Trump representa muitas coisas. O cansaço com o politicamente correto, a falência do discurso da globalização e da liberalização dos costumes, o medo do terrorismo e a revolta contra a perda do poder de consumo gerada pela inflação, entre outros aspectos. Mas quase todos, senão todos, têm algo em comum: nasceram de um “não”, de uma contrariedade. Representam o antagonismo e o rechaço, não a esperança e o futuro.
Aqui no Brasil tem sido igual. Lula é um não-Bolsonaro. Bolsonaro é um não-Lula.
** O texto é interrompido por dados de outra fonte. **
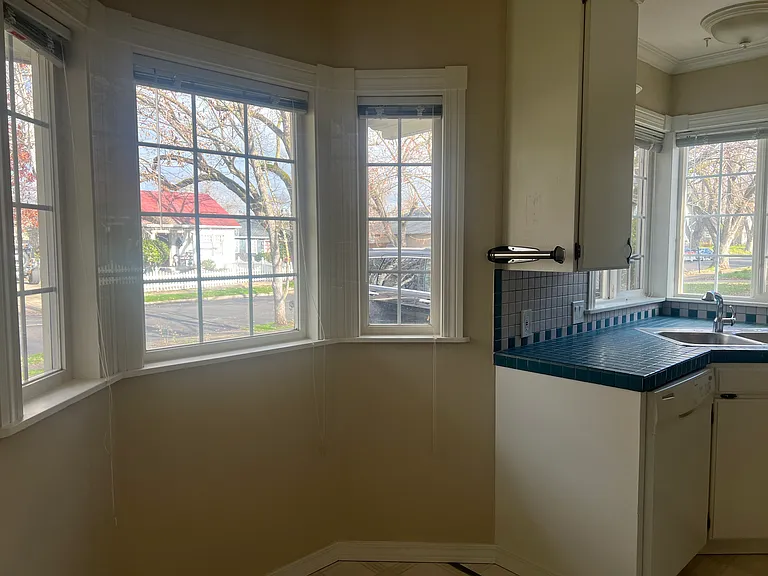 1008 Queen Anne Ave — Photo 5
De fato, o mundo não precisa de presidentes populistas que se aproveitam do vácuo de confiança para abocanhar o poder. O mundo precisa de novas histórias para acreditar. No passado não muito distante, as tínhamos: a democracia prometia salvar a humanidade e o planeta. Não salvou. A globalização acabaria com as desigualdades. De fato, as acentuou. A liberalização dos costumes traria paz e harmonia social. Nunca tivemos tantas tensões, geradas não pelo mérito destas causas, mas pelo “como” elas vêm sendo tratadas: com sectarismo e dedos em riste.
Ainda sobre Trump e seus eleitores, duas certezas: do ponto de vista ambiental, temos muitos motivos para nos preocuparmos. Por outro lado, nunca a paz no Oriente Médio, que importa para todos, esteve tão próxima. Trump fala uma língua que os bandidos entendem.
Certa feita, o discípulo perguntou ao seu mestre budista: “O que é Deus?”. E o mestre respondeu: “Se você já comeu, vá lavar seus pratos”.
Viver a vida é dar um passo de cada vez. Assim, quem sabe, chegaremos ao divino.
Trump não me empolga e nem me deprime. O que virá depois dele, sim. É isto que estamos construindo a partir de agora. Lavar os pratos, sem quebrá-los.